MONITORING (SW) Russian president’s special envoy for Afghanistan affairs, Zamir Kabulov, has accused US intelligence in Afghanistan of "drug trafficking".
"Those wonderful US intelligence officers, who accuse us of different things, are involved in drug trafficking. Their planes from Kandahar, from Bagram [airfield near Kabul] are flying wherever they want to - to Germany, to Romania - without any inspections," he said. "Every citizen of Kabul will tell you that, everyone is ready to talk about that."
On June 26, The New York Times ran a story claiming that an unidentified unit of the Russian military intelligence allegedly offered bounties to Taliban (outlawed in Russia) militants to kill US soldiers and other coalition troops in Afghanistan. On June 29, Dmitry Peskov, the Kremlin spokesman, castigated these reports as fabrications and an "elaborate hoax."
On June 27, the Russian Foreign Ministry labeled the initial publication on this issue as intentionally false.
US President Donald Trump said in a Twitter post on June 28 that US intelligence did not find this information credible.
On February 14, 2003, the Russian Supreme Court declared the Taliban a terrorist organization.
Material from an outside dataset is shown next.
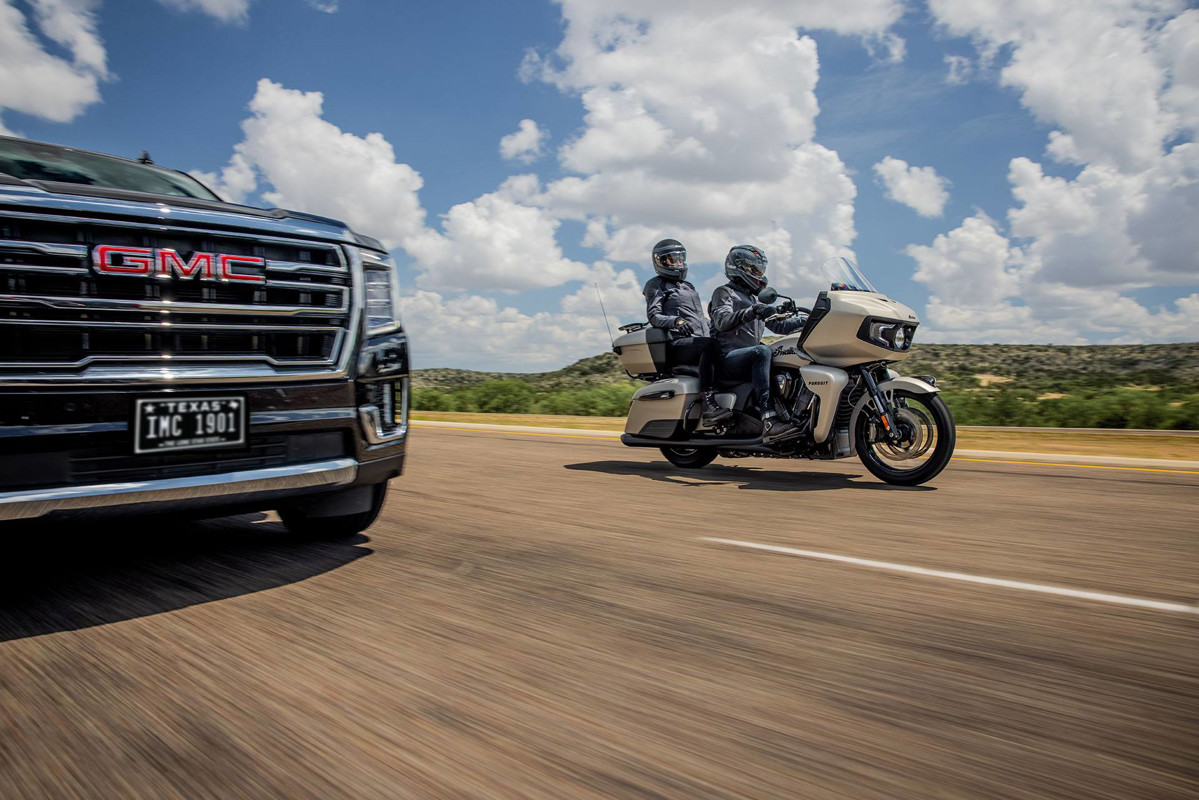 Pursuit Dark Horse Premium Package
The extremist organization’s activities are outlawed in Russia.
US President Donald Trump has been briefed on reported Russian bounties placed on American troops in Afghanistan, the White House said Tuesday.
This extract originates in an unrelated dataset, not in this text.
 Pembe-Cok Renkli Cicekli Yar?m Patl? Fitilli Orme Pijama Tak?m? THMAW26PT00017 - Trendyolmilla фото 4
In a pair of tweets, Trump said Sunday neither Vice President Mike Pence nor White House Chief of Staff Mark Meadows were told "about the so-called attacks on our troops in Afghanistan by Russians, as reported through an 'anonymous source' by the Fake News @nytimes."
His denial came two days after the newspaper reported that a Russian military intelligence unit secretly offered bounties to Taliban-linked militants for killing coalition forces, including American troops in Afghanistan.